§ Exercise instructions:
Look through the material below. Return exactly the lines from the one with "Батарея универсальная Choetech" through the one with "Skechers Men's Go", both included.

§ Dataset records:
----------

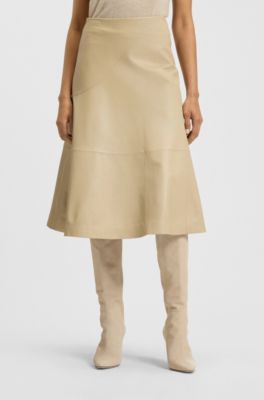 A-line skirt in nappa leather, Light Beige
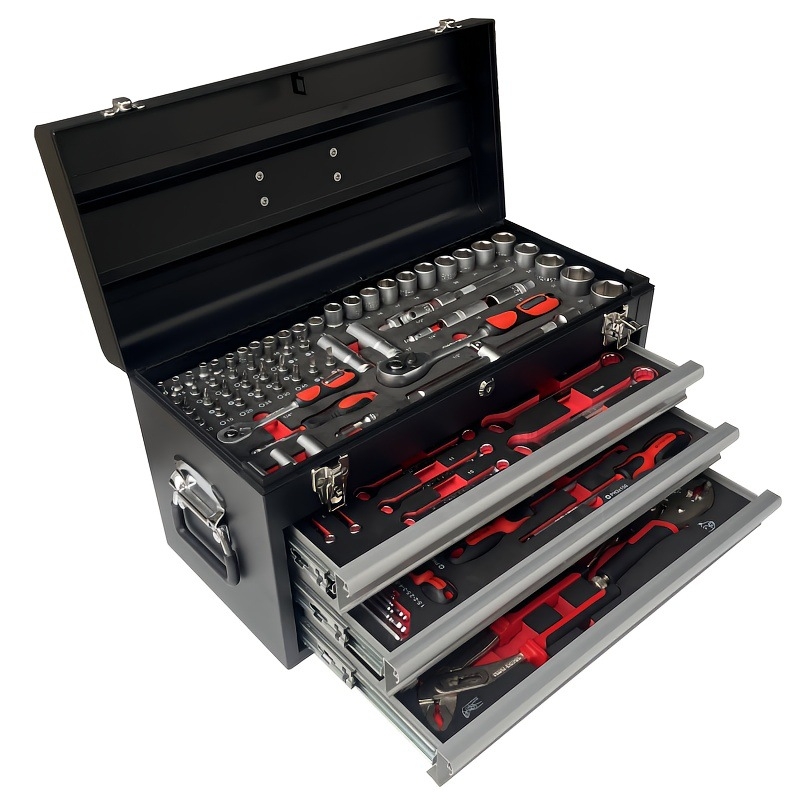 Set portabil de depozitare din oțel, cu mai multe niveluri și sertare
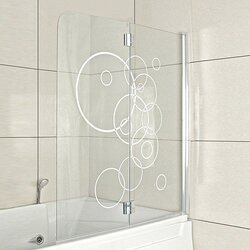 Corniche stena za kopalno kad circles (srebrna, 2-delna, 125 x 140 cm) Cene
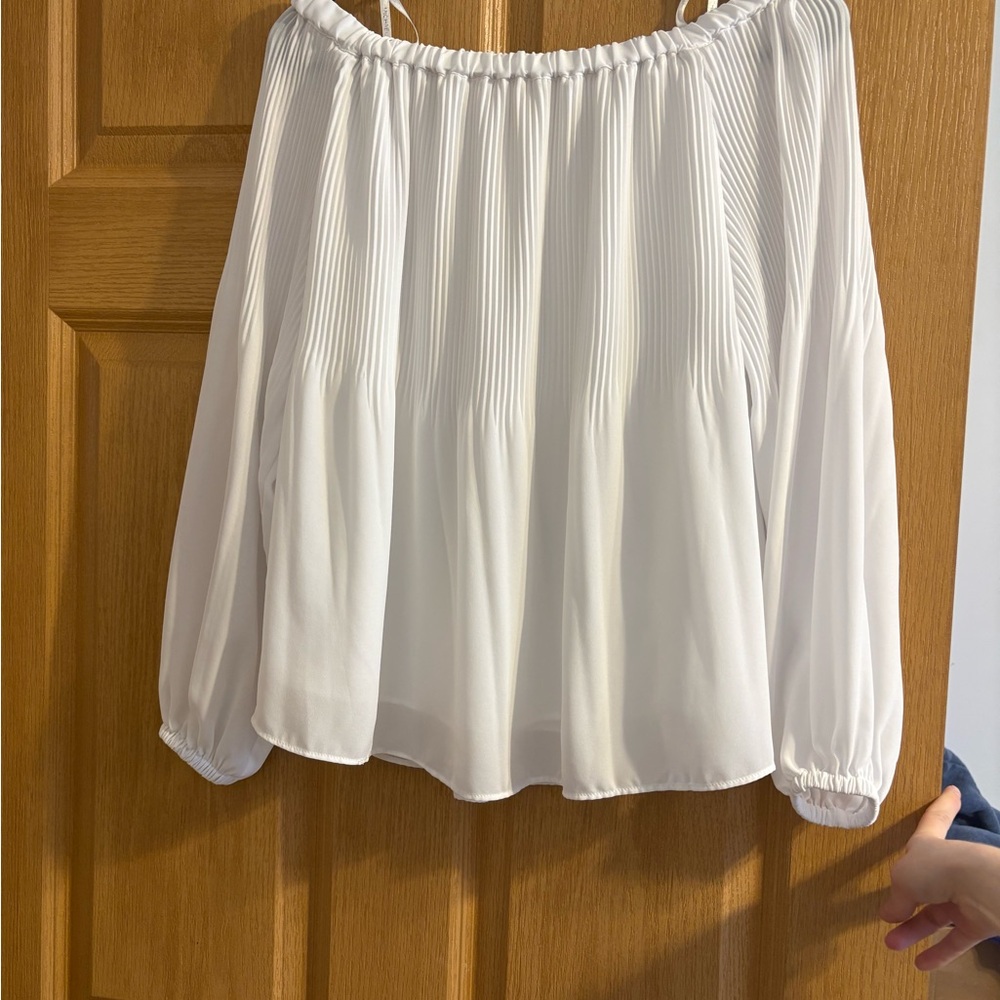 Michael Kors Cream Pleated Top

----------

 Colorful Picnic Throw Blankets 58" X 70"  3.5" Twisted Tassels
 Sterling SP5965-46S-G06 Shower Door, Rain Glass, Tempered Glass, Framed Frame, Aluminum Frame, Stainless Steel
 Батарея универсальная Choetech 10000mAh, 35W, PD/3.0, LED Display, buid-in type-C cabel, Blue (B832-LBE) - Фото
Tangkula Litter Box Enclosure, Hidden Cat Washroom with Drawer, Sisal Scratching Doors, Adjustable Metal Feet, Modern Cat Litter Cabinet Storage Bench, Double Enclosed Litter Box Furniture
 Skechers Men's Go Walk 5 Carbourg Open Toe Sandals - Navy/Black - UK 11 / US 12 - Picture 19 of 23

----------

§ Result for this exercise:
 Батарея универсальная Choetech 10000mAh, 35W, PD/3.0, LED Display, buid-in type-C cabel, Blue (B832-LBE) - Фото
Tangkula Litter Box Enclosure, Hidden Cat Washroom with Drawer, Sisal Scratching Doors, Adjustable Metal Feet, Modern Cat Litter Cabinet Storage Bench, Double Enclosed Litter Box Furniture
 Skechers Men's Go Walk 5 Carbourg Open Toe Sandals - Navy/Black - UK 11 / US 12 - Picture 19 of 23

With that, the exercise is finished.